━━━━━ Source records

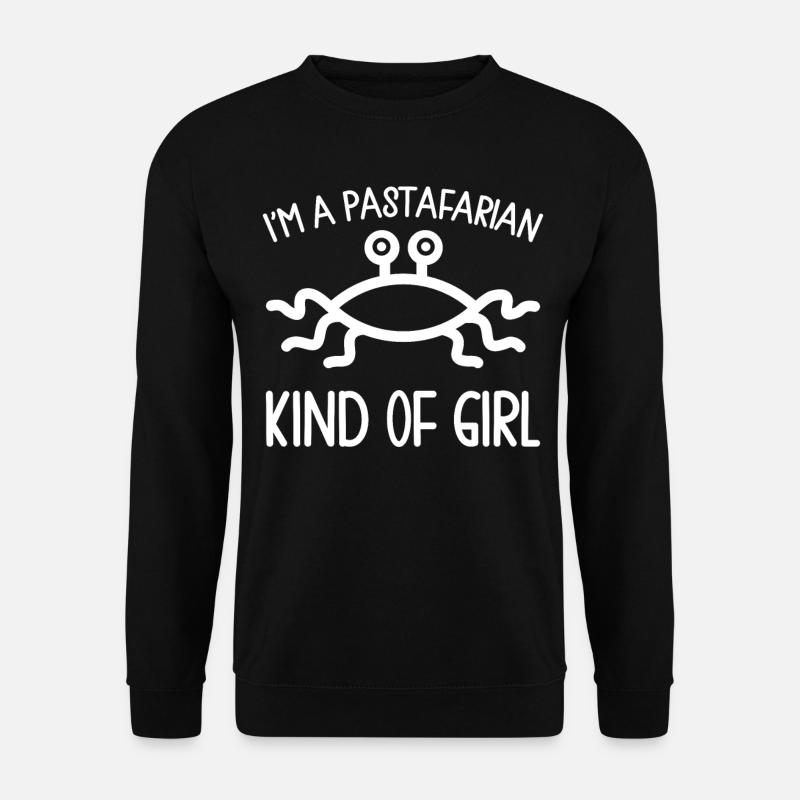 Flying Spaghetti Monster FSM - Unisex Sweatshirt - black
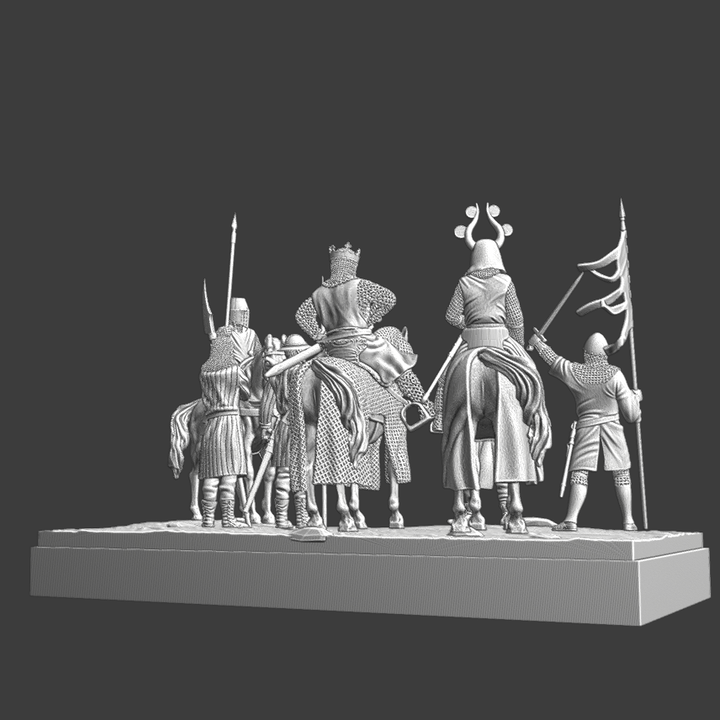 Bowing for the King - Tribe Set.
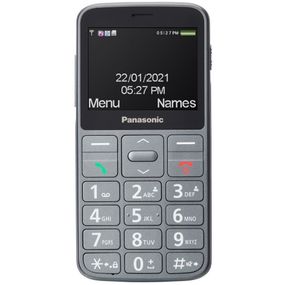 Мобільний телефон Panasonic KX-TU160 Grey (KX-TU160EXG)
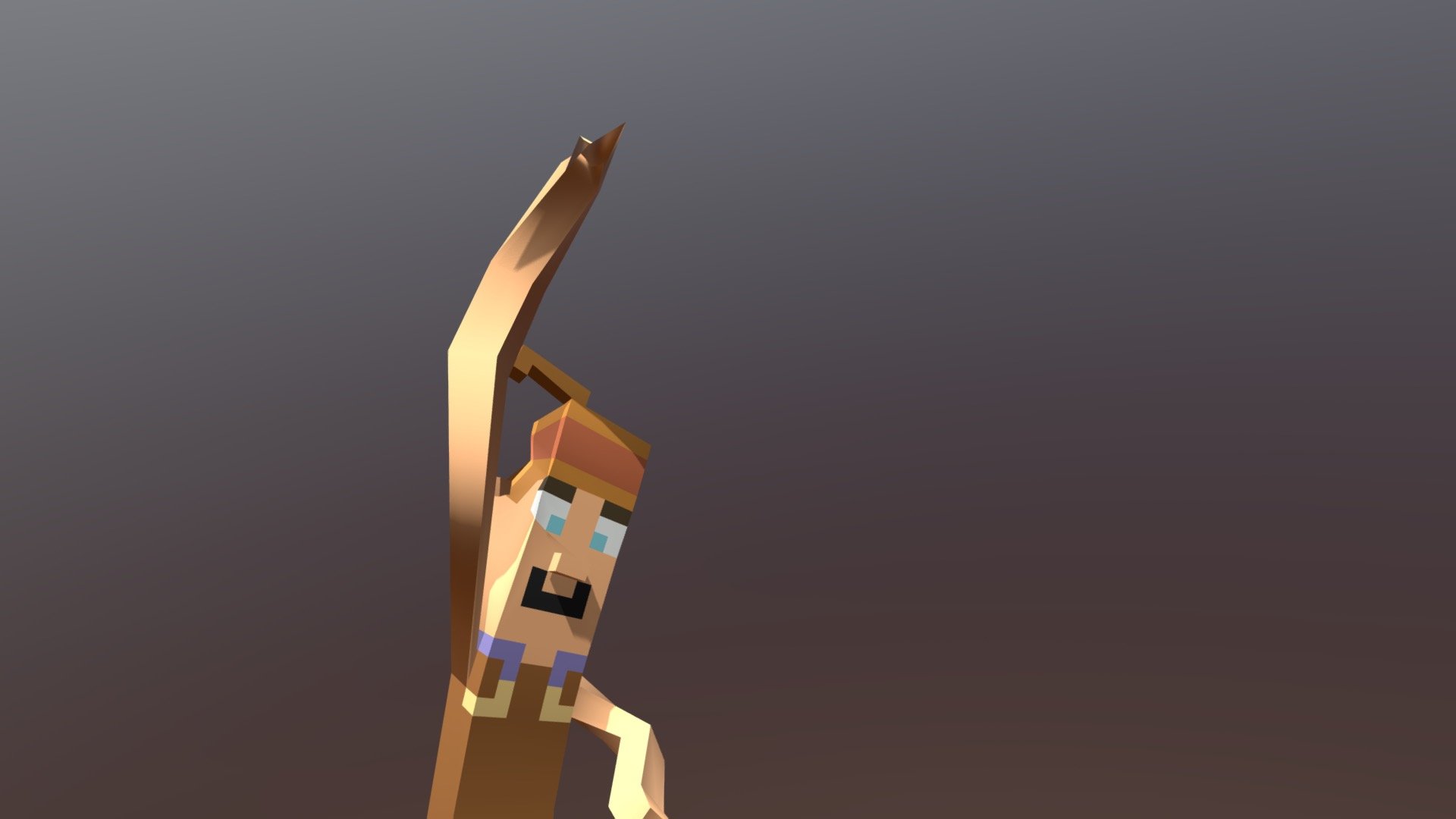Hercules Victory Fist Pump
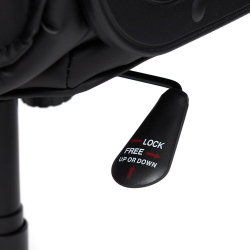 Кресло СН833 кож/зам, черный, 36-6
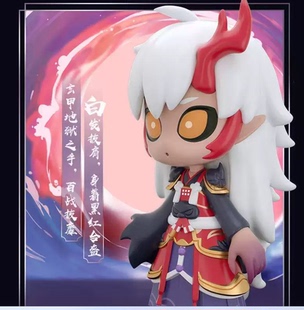 正版奥迪双钻阴阳师现世奇趣PLUS系列茨木童子300%大号手办玩具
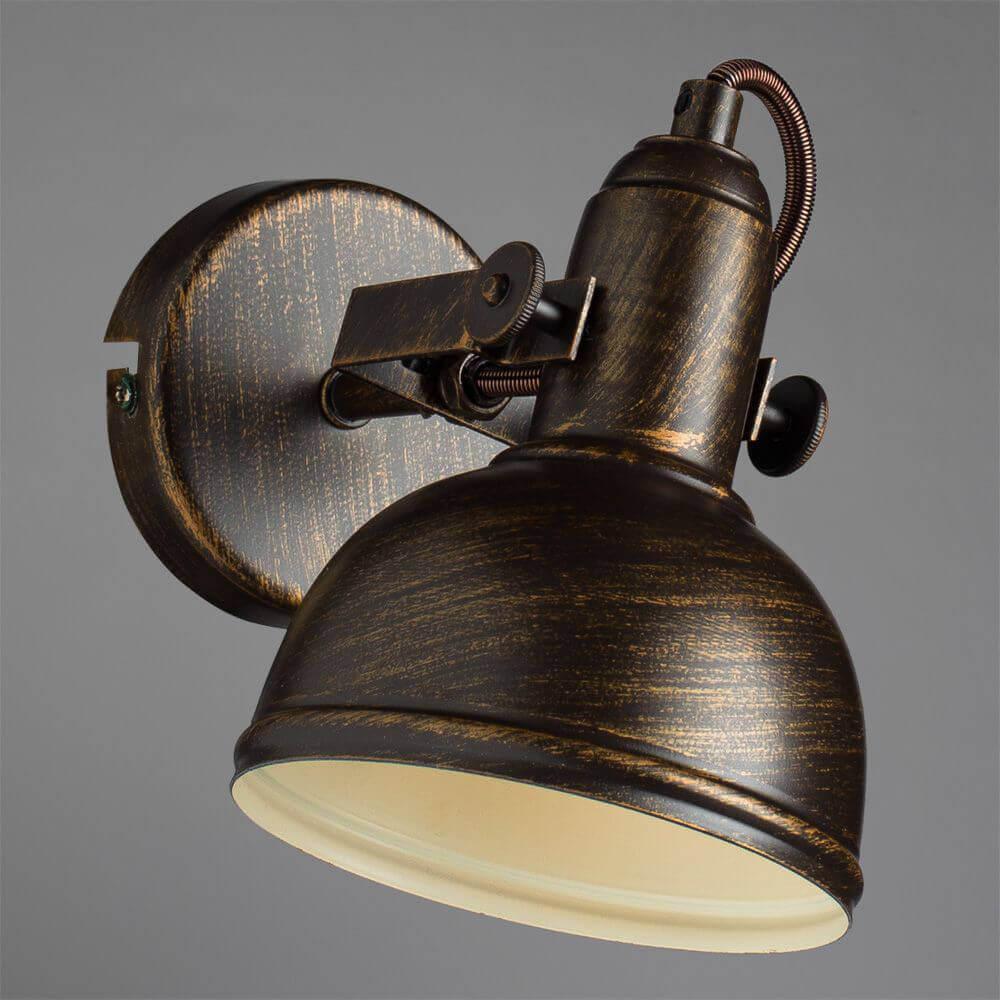 картинка Настенный светильник Arte Lamp Martin A5213AP-1BR от магазина pro-decor.kz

━━━━━━━━━━

> _What needs to be done_: The answer is the run of lines from the one with "正版奥迪双钻阴阳师现世奇趣PLUS系列茨木童子300%大号手办玩具" through the final line of the data, copied exactly, and nothing else; no pictures.

> _The completed task_:
 正版奥迪双钻阴阳师现世奇趣PLUS系列茨木童子300%大号手办玩具
 картинка Настенный светильник Arte Lamp Martin A5213AP-1BR от магазина pro-decor.kz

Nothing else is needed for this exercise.